Please repeat the records exactly from their first line, finishing at the line containing "Bathroom, Glass Shower, Interior, Marble, Marble" and including it.

(Collected data)

┄┄┄┄┄┄┄┄┄┄

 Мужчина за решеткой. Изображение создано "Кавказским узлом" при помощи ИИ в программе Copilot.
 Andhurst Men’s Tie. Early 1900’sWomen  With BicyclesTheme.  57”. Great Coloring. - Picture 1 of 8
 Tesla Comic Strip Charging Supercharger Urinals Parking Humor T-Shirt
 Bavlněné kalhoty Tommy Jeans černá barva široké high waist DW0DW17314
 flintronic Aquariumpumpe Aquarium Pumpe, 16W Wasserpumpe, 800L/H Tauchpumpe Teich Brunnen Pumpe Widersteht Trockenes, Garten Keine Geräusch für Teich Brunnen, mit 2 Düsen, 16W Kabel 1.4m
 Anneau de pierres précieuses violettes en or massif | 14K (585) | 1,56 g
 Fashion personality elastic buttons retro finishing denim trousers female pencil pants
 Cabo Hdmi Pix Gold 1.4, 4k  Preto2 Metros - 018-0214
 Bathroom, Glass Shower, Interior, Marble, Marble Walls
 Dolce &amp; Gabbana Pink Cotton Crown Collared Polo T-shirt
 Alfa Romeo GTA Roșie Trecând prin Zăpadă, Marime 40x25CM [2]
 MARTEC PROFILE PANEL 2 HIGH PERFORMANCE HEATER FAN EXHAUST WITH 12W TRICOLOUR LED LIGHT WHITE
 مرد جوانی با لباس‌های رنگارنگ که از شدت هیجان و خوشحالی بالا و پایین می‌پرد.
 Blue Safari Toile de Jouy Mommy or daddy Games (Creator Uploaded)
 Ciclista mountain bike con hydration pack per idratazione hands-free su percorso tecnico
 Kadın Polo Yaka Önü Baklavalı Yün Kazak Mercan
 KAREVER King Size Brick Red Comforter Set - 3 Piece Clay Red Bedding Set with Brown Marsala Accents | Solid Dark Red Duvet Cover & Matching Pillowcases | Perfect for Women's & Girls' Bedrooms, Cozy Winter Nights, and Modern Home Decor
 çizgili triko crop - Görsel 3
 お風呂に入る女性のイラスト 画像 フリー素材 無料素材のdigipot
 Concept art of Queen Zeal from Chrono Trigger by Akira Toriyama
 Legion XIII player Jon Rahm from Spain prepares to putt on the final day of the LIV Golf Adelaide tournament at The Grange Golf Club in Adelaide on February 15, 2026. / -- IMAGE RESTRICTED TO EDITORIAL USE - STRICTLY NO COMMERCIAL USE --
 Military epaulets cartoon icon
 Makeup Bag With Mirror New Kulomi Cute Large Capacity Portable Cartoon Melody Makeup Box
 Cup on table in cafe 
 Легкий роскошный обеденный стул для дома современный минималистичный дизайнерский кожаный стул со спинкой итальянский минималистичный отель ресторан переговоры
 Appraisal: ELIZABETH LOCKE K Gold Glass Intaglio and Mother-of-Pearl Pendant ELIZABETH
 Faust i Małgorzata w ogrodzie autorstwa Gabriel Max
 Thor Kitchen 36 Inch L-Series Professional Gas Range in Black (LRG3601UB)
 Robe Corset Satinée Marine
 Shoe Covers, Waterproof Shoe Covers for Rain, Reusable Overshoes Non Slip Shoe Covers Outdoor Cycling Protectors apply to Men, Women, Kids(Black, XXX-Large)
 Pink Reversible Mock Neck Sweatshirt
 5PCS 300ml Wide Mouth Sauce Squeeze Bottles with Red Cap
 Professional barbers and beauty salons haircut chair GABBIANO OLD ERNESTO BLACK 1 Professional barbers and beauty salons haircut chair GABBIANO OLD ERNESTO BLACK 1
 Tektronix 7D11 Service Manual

┄┄┄┄┄┄┄┄┄┄

● **Exercise result**:
 Мужчина за решеткой. Изображение создано "Кавказским узлом" при помощи ИИ в программе Copilot.
 Andhurst Men’s Tie. Early 1900’sWomen  With BicyclesTheme.  57”. Great Coloring. - Picture 1 of 8
 Tesla Comic Strip Charging Supercharger Urinals Parking Humor T-Shirt
 Bavlněné kalhoty Tommy Jeans černá barva široké high waist DW0DW17314
 flintronic Aquariumpumpe Aquarium Pumpe, 16W Wasserpumpe, 800L/H Tauchpumpe Teich Brunnen Pumpe Widersteht Trockenes, Garten Keine Geräusch für Teich Brunnen, mit 2 Düsen, 16W Kabel 1.4m
 Anneau de pierres précieuses violettes en or massif | 14K (585) | 1,56 g
 Fashion personality elastic buttons retro finishing denim trousers female pencil pants
 Cabo Hdmi Pix Gold 1.4, 4k  Preto2 Metros - 018-0214
 Bathroom, Glass Shower, Interior, Marble, Marble Walls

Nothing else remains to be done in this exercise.